Where are people learning German?
Not surprisingly, Europe has the highest number of German learners, with 11.2 million. The study notes an increase of 18 percent to 1.185 million for the neighbouring countries Denmark, the Netherlands, the Czech Republic and France.
In France alone, the number rose from over one million in 2015 to almost 1.2 million. In a forecast, the survey anticipates a further increase in interest in German there.
Russia is also experiencing stronger demand for the language, with an increase of 16 percent to 1.79 million learners.
Poland, on the other hand, has seen a sharp drop in demand. But with 1.95 million Deutsch speakers, it remains the country with the most German learners worldwide.
The number of German learners in the UK has also dropped – by 25 percent – which researchers believe could dip even further in future due to Britain leaving the EU.
Rise in German learners across Africa
For the African continent, the study records an increase of German learners of almost 50 percent compared to 2015, with increasing interest in Egypt, Algeria and Côte d'Ivoire (Ivory Coast), for example.
There is also more demand for German in Asia, especially in China.
Meanwhile, the cooler German-American relationship seems to be reflected in the demand for German. In the US, the number of people learning German has fallen by 15 percent over the past five years.
The need for skilled workers from abroad to have knowledge of German is playing an increasingly important role in promoting language skills, the study says.
Michelle Müntefering, Minister of State at the Federal Foreign Office, said that teaching the German language opens up future opportunities.
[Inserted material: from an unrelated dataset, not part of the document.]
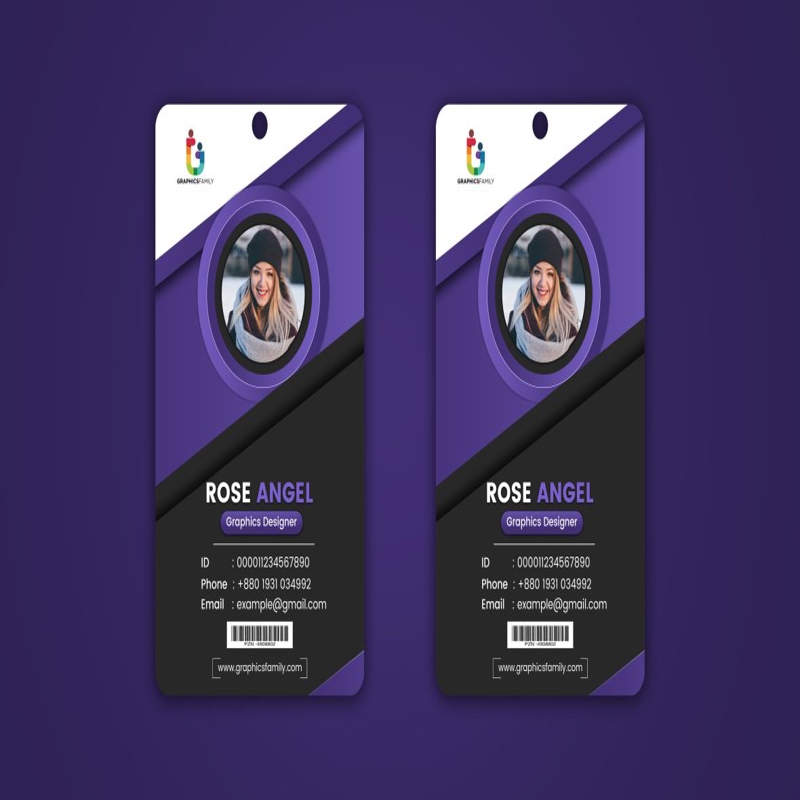فایل طراحی کارت شناسایی خلاقانه بنفش و مشکی - Purple & Black Creative Id card Design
She added that this would not only mean access to the German university system, “but also to a labour market that needs skilled workers with a knowledge of German”.
Johannes Ebert, Secretary General of the Goethe Institute, said German continues to be in high demand worldwide.
The number of course participants at the Goethe-Institut has increased by around 73,000 to 309,000.
“Our commitment to the German Immigration Act for Specialists particularly contributes to this,” said Ebert. However, the survey also shows that the promotion of the German language is particularly necessary in those countries where the number of German learners has declined.